= Requirement =
Reproduce every record below exactly, with the pictures left out.

Short web captions:
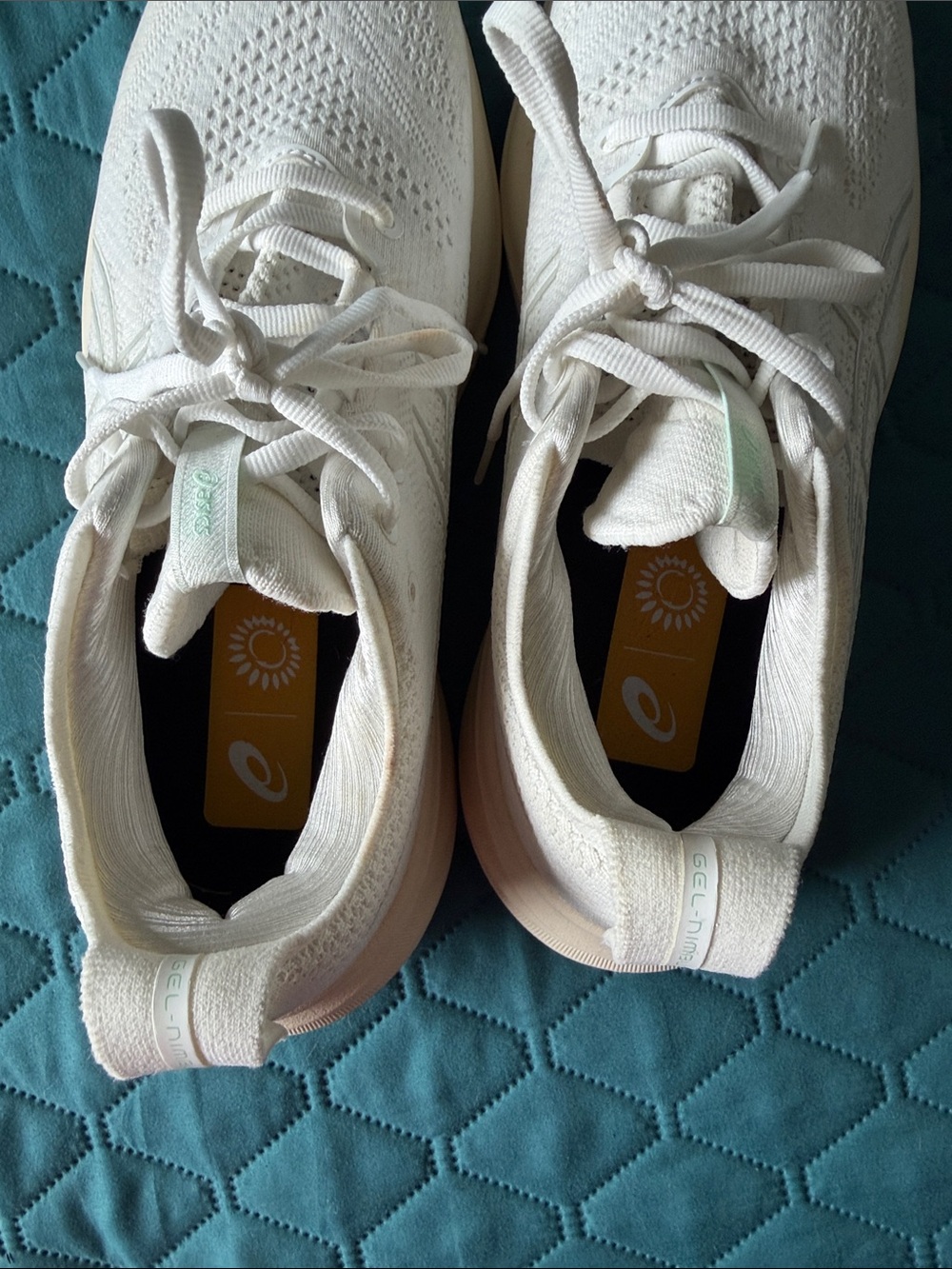 ASICS Gel Nimbus Shoes - Picture 7 of 7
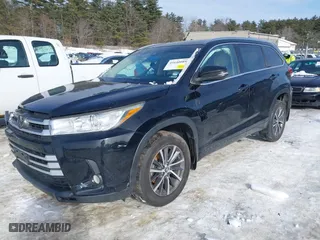 2018 Toyota Highlander SE with VIN 5TDJZRFH4JS859036, listed as a IAAI auction lot 41640089 with 103,643 mi miles. Bid and sale history available at carsss.com. Image 18.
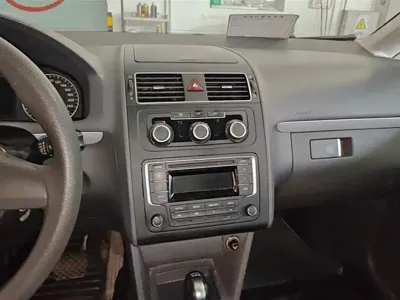 Volkswagen Touran 2015, 117800 км, за 38000 CNY - фото 13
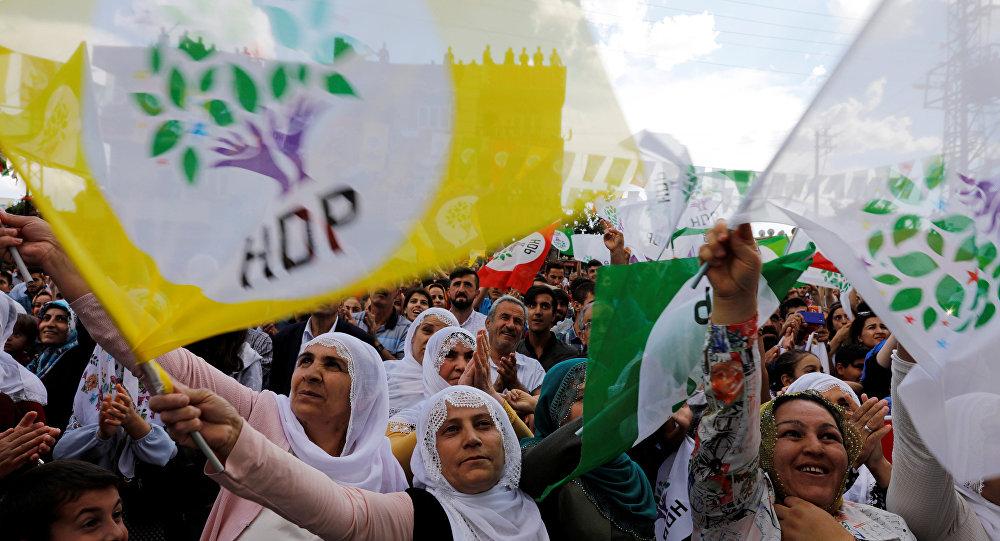 Fehmi Koru: Meğer 'beka sorunu' denilen şey HDP'nin varlığıymış 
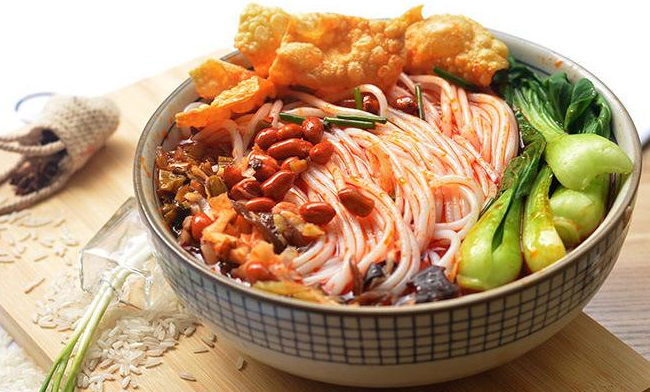 知其味螺螄粉食品包裝設(shè)計欣賞(圖3)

= Reply to the exercise =
 ASICS Gel Nimbus Shoes - Picture 7 of 7
 2018 Toyota Highlander SE with VIN 5TDJZRFH4JS859036, listed as a IAAI auction lot 41640089 with 103,643 mi miles. Bid and sale history available at carsss.com. Image 18.
 Volkswagen Touran 2015, 117800 км, за 38000 CNY - фото 13
 Fehmi Koru: Meğer 'beka sorunu' denilen şey HDP'nin varlığıymış 
 知其味螺螄粉食品包裝設(shè)計欣賞(圖3)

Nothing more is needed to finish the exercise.